* [ASSIGNMENT] Look below for the line with "听说深圳一中学网红课间操很火后，火箭军200名东风快递员接招了…". Retype it and every line after it to the end, exactly, but leave out the pictures.

* [GIVEN INFORMATION]
****

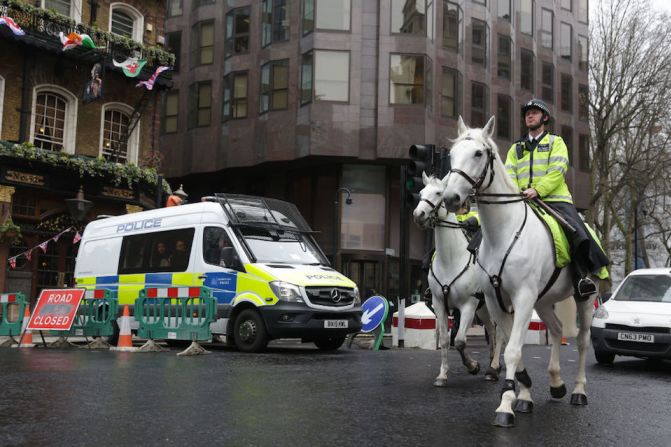 Policía a caballo patrulla las calles del centro de Londres este jueves.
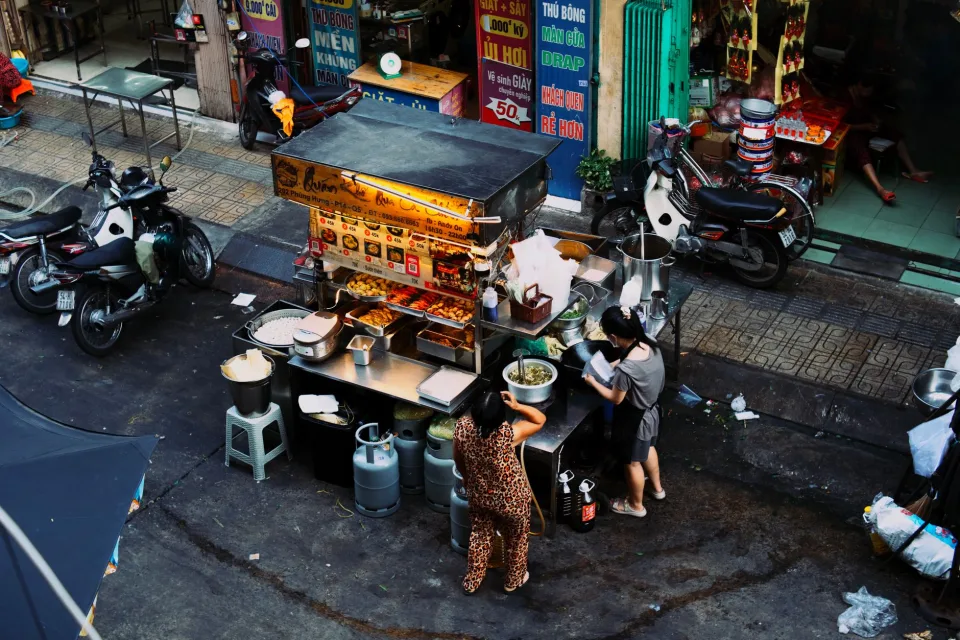 Bốn bước, ly nào cũng vậy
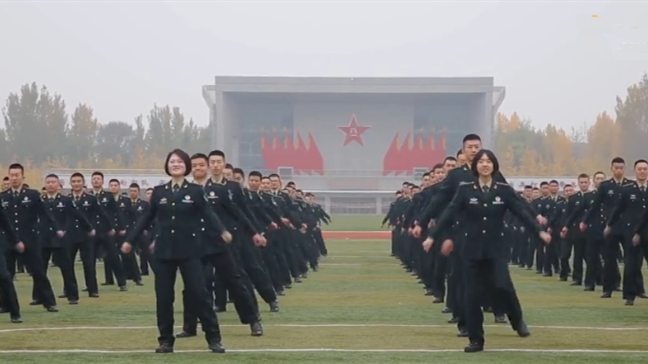 听说深圳一中学网红课间操很火后，火箭军200名东风快递员接招了…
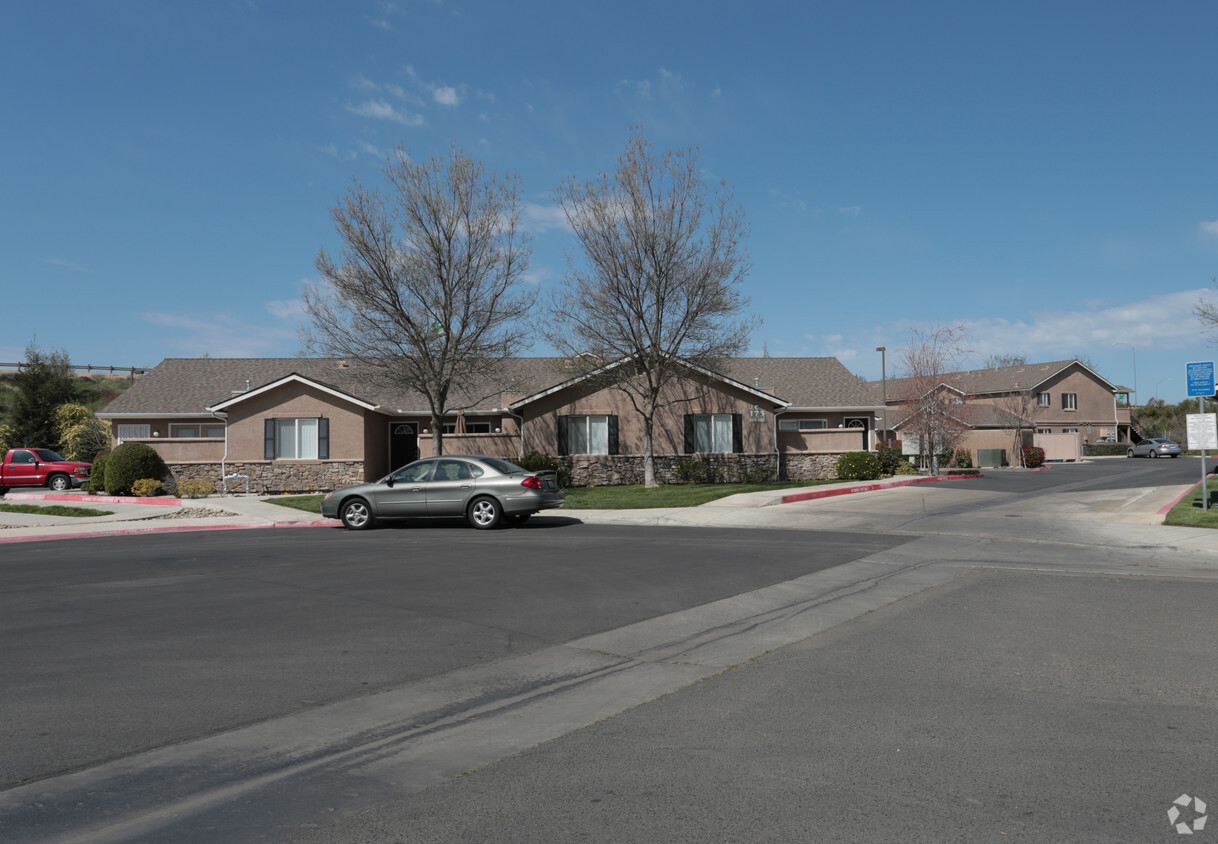 Primary Photo - Trailside Apartment Homes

****

* [WRITTEN ANSWER]
 听说深圳一中学网红课间操很火后，火箭军200名东风快递员接招了…
 Primary Photo - Trailside Apartment Homes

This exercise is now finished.